RITA Reader Challenge Review

Dances Under the Harvest Moon by Joanne Rock

This RITA® Reader Challenge 2016 review was written by Rissa. This story was nominated for the RITA® in the Mid-Length Contemporary category.

The summary:

Chance of a lifetime

It’s finally Heather Finley’s moment. After spending years looking after her mother in the tiny town of Heartache, Tennessee, Heather’s about to follow her dream of singing country music. She can nearly hear the audiences hollering…until the town’s handsome mayor, Zach Chance, comes to her with troubling questions about her late father’s past. Once again, Heather has to choose: protect her family or chase her heart’s desire? Zach is determined to help, and to convince Heather that she belongs in Heartache—with him. But is he just another distraction? Or could he be the one to show Heather how a small-town love can make her big-time dreams come true?

Here is Rissa's review:

I don’t usually read small town romances—though Nicholas Sparks’ stuff will call to me every once in a sick-in-bed while. Yeah, I’m more of an international beach paradise or big city setting kinda girl. But when I want cozy comfort…. Ironically, the cover of Dances Under the Harvest Moon is what caught me, as the couple totally resembled Sandra Bullock (Love!) and Harry Connick Jr. (Yum!) from Hope Floats. And flu or not, sometimes you’re in the mood for a good cry (and some good hot un-Nicholas-Sparks-esque sex!)

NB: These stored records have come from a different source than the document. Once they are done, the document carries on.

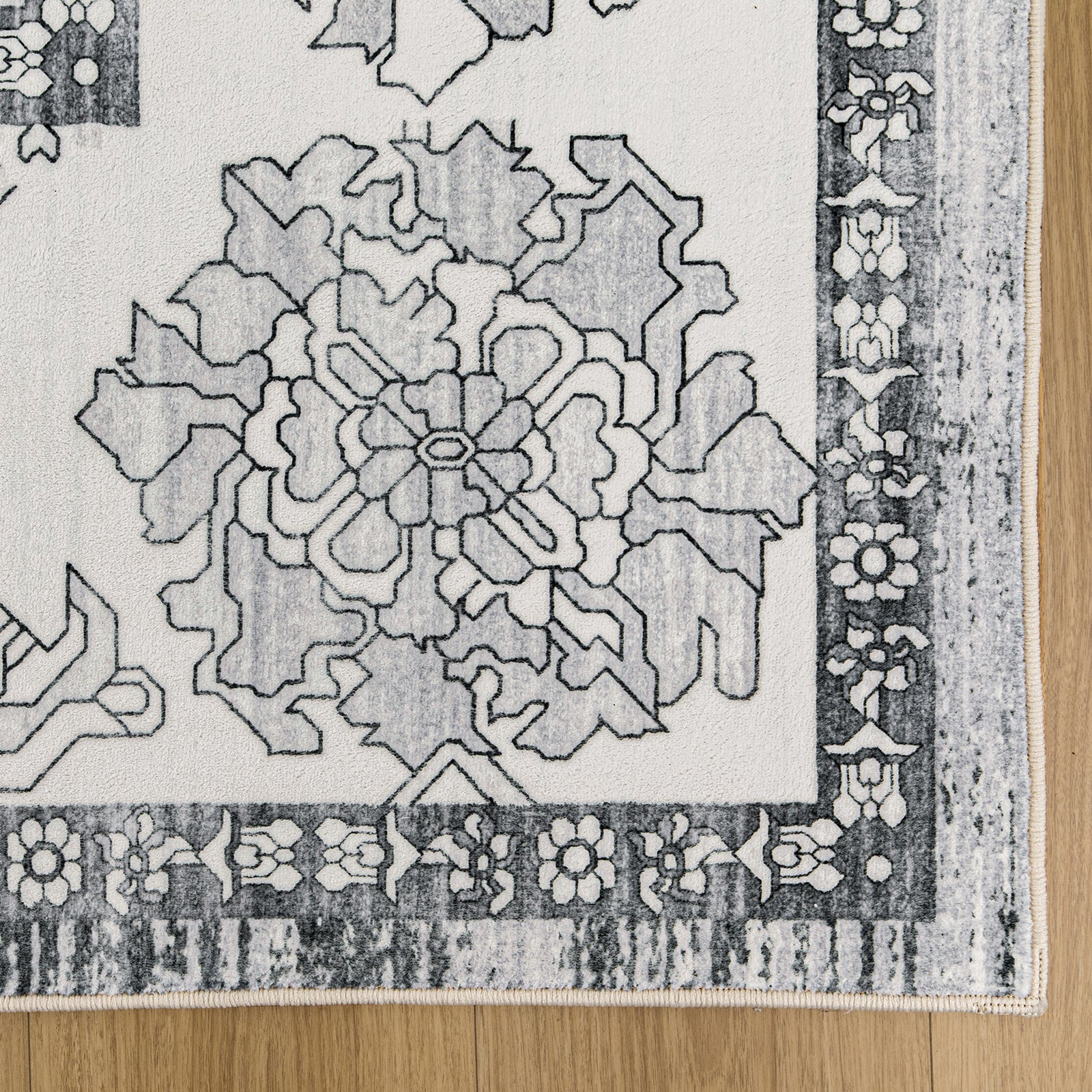 Silver Grey Hallway Runner Neutral Scandinavian Distressed Rug 80x300cm - Image 3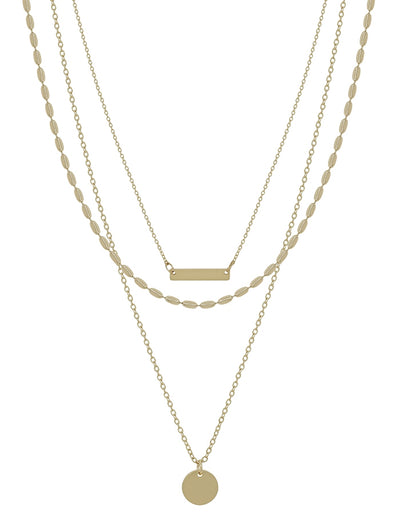 Triple Layered with Bar Charm Necklace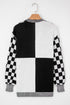 Relaxed Checkered Print Open Front Knit Cardigan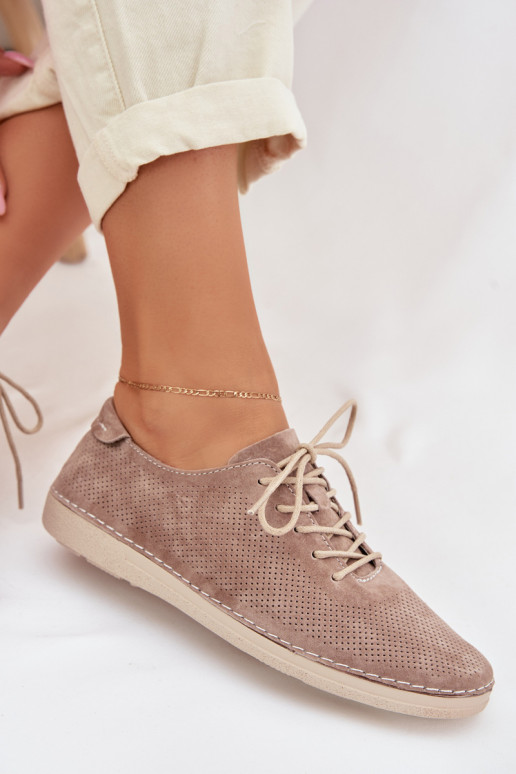 apavi SieviešuIeslēgtsturalnego zamšādasu S.Barski LR61-7080 smilšu krāsas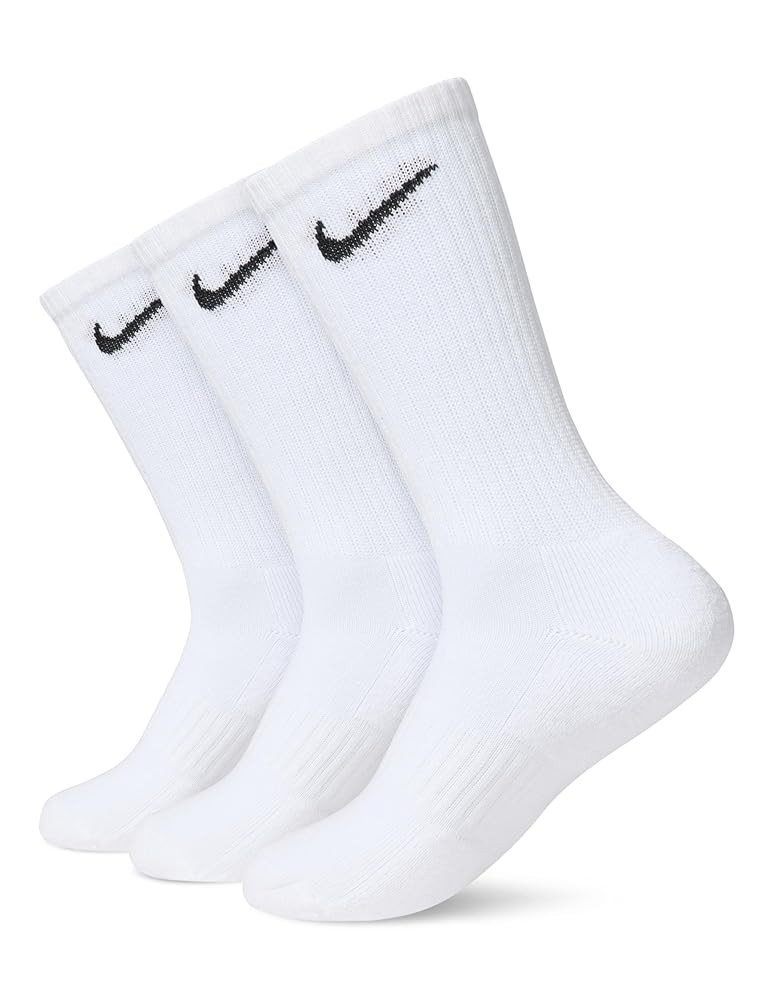 Amazon.com: Nike Unisex Everyday Cushioned Training Crew Socks (3 Pairs), White/Black, Medium : C... | Amazon (US)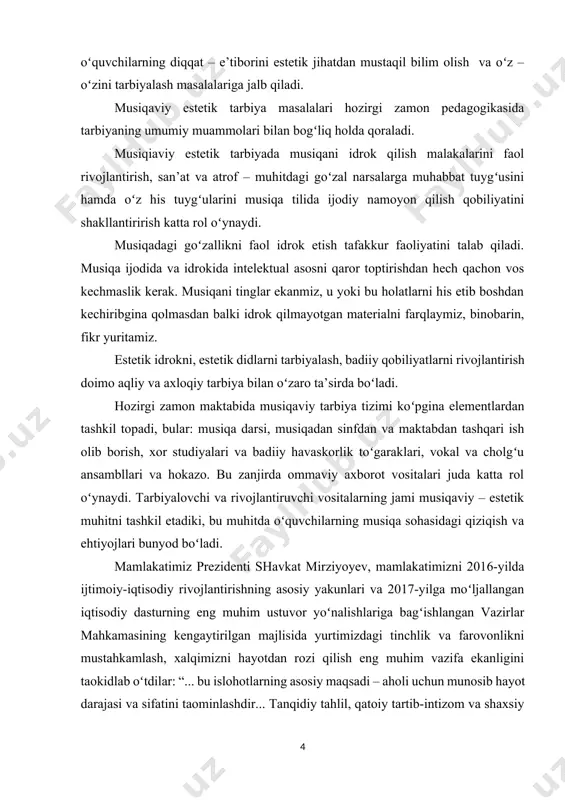 agi ma`ruzasi. “халқ сўзи” gazetasi. 2017 yil 16 yanvar. 11-son. ] prezidentimiz shavkat mirziyoyev miromonovich ham kelajagimiz yoshlarini ma’naviyatini yuksaltirish va ularni bo‘sh vaqtlarini mazmunli tashkil etish boʻyicha beshta muhim tashabbus bilan chiqdilar. birinchi tashabbus yoshlarni musiqa, rassomchilik, adabiyot, teatr va sanoatning boshqa turlariga qiziqishlarini oshirishga, istedodini yuzaga chiqarishga xizmat qiladi. ikkinchi tashabbus yoshlarni jismoniy chiniqtirish, ularning sport sohasida qobilyatini namoyon qilish uchun zarur sharoitlar yaratishga yo‘naltirilgan. uchinchi tashabbus aholi va yoshlar o‘rtasida kompyuter texnologiyalari va internetdan samarali foydalanishni tashkil etishga qaratilgan. to‘rtinchi tashabbus yoshlar maonaviyatini yuksaltirish,ularni o‘rtasida kitobxonlikni keng targ‘ib qilish bo‘yicha tizimli ishlar tashkil etishga yo‘naltirilgan. beshinchi tashabbus xotin-qizlarni ish bilan taominlash masalalari nazarda tutilgan. musiqa ayrim kishilar aytganidek dam olish, hordiq chiqarish vositasi emas. sanoat bu insonda fikr uygʻotuvchi, his – hayajonlarini bir maqsad tomon yoʻnaltiruvchi, kishilarni yaxshi ulugʻvor ishga safarbar etuvchi, ona –vatanimizni soʻz va ohanglarda tarannum etib yoshlarda vatan tuygʻusiniuygʻotuvchi, uni oʻstiruvchi ajoyib – gʻaroyib …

Joanne Rock’s sweet and sexy story pulled my heartstrings and pushed my hot buttons from the start of the read, when the “Good Head On Her Shoulders” heroine Heather Finley runs in to the hot mayoral hero, Zach Chance (Mmmm…more on Zach in a bit).

So…intelligent, loyal and lovely twenty-eight-year-old Heather Finely is finally leaving—or running away, depending on the perspective—from her hometown of Heartache, TN to become a singing sensation in Nashville. She’s been the dependable one for her siblings and her widowed and bipolar mother, but since the sudden diagnosis of her own debilitating affliction, it’s now or never to follow her forever-buried dream.

Pausing here for a note on the heroine and her condition. The story did such an unbelievable job drawing me in with regard to the challenges Heather faced with her body’s depletion. Not only did I feel the heroine’s pain, I lived it throughout the story. A tremendous feat, I think, on bringing to light the issues of rheumatoid arthritis and anything similarly debilitating, especially in such a young woman. It was heart wrenching and it added a much-appreciated level to Heather’s character, to the story, and to the couple’s triumph at the HEA.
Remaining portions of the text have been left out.